[Short descriptive text snippets]
■ ■ ■ ■ ■

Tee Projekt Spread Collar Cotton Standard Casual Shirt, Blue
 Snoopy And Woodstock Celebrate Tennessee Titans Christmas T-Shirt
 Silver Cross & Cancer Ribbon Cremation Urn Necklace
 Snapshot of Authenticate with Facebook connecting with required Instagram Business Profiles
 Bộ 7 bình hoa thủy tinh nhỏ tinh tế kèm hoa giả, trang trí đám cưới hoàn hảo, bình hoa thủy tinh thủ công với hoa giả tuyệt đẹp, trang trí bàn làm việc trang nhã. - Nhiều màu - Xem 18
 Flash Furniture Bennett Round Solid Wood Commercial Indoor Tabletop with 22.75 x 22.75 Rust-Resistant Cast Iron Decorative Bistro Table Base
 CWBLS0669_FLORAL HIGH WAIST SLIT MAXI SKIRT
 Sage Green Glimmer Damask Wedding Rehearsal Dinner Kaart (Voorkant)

■ ■ ■ ■ ■

> AIM OF THE TASK
The answer must be the complete set of entries, retyped exactly.

> ANSWER BELOW
Tee Projekt Spread Collar Cotton Standard Casual Shirt, Blue
 Snoopy And Woodstock Celebrate Tennessee Titans Christmas T-Shirt
 Silver Cross & Cancer Ribbon Cremation Urn Necklace
 Snapshot of Authenticate with Facebook connecting with required Instagram Business Profiles
 Bộ 7 bình hoa thủy tinh nhỏ tinh tế kèm hoa giả, trang trí đám cưới hoàn hảo, bình hoa thủy tinh thủ công với hoa giả tuyệt đẹp, trang trí bàn làm việc trang nhã. - Nhiều màu - Xem 18
 Flash Furniture Bennett Round Solid Wood Commercial Indoor Tabletop with 22.75 x 22.75 Rust-Resistant Cast Iron Decorative Bistro Table Base
 CWBLS0669_FLORAL HIGH WAIST SLIT MAXI SKIRT
 Sage Green Glimmer Damask Wedding Rehearsal Dinner Kaart (Voorkant)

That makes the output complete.